Ray Dalio’s Bridgewater and Big Water are two very different things. Big Water is what some of my closest friends and I just spent the last 3 days conquering in Hells Canyon – America’s deepest river gorge.

No roads cross Hells Canyon. There are no government people on the shores to bail you out. You are either listening very carefully to your guide or you aren’t coming out.

“Who Is John Gault?” Maybe a better question for me over the course of the weekend was, “Who Is Jeff Smith?” The man who called it “River Time”, was constantly reminding us that “safety is no accident.” Evidently, he was right.

I’ll be flying home, safely, from Boise, Idaho this morning.

Back to the Global Macro Grind

Learning from mistakes (PAIN) and rethinking those mistakes (REFLECTION) = PROGRESS.

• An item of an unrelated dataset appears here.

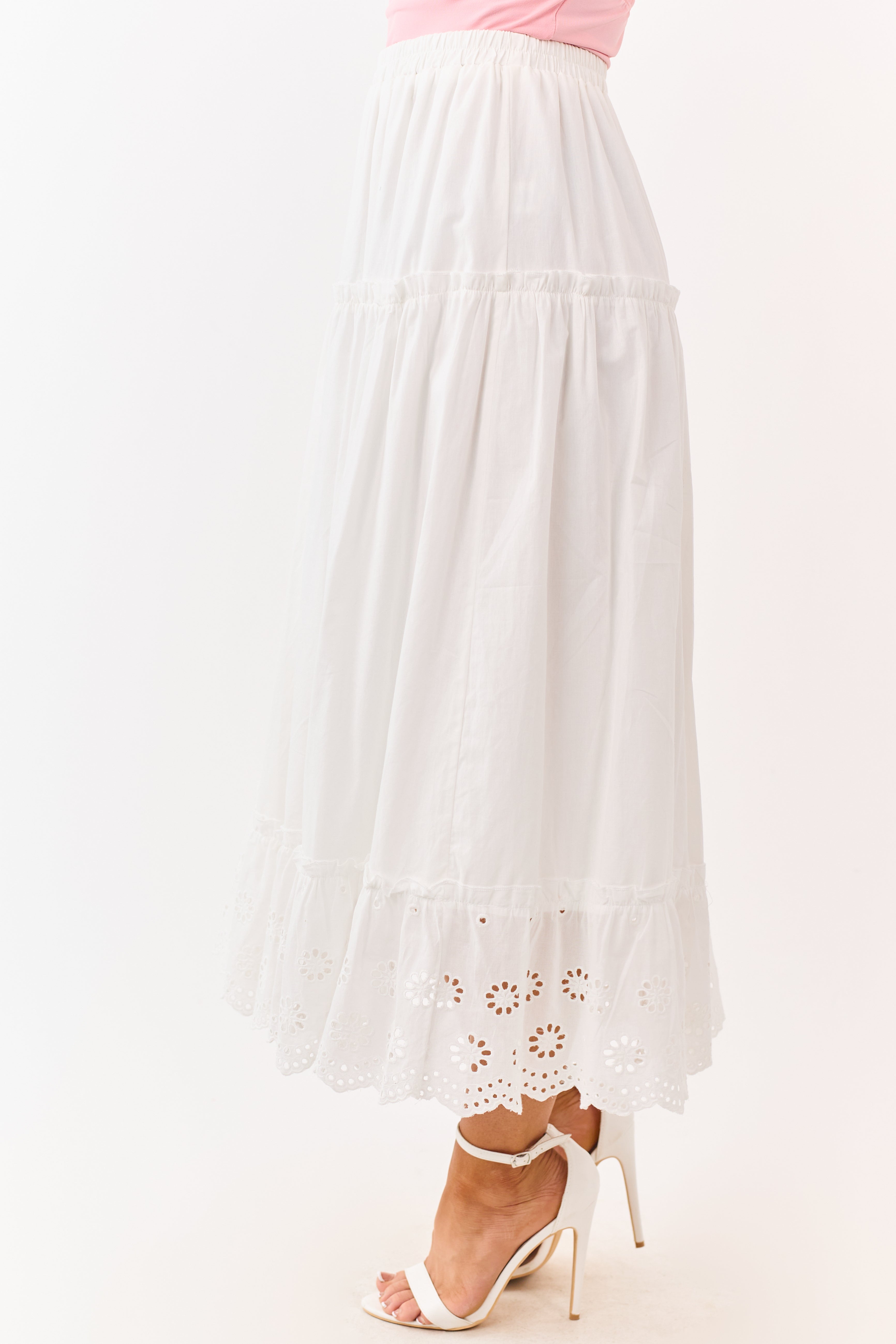 White Daisy Eyelet Hem Tiered Cotton Maxi Skirt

With all of the lessons learned about Growth Slowing in 2008 and how politicians and central planners are infused into your said “free” markets to arrest gravity (“shock and awe” interest rate cuts demanded then; Quantitative Easing begged for now), we are reminded of the 2 things that Big Government Interventions do to our markets and economies:

  1. They shorten economic cycles
  2. They amplify market volatility

Whoever didn’t pick up on that second point last week obviously wasn’t in the water. There was amplified volatility in The Price Volatility itself. From leftist French ideas about banning short selling to the whatever we have coming down river this week, all of this is reminding investors that markets that can’t see their rules change in the middle of the game are not markets they should trust.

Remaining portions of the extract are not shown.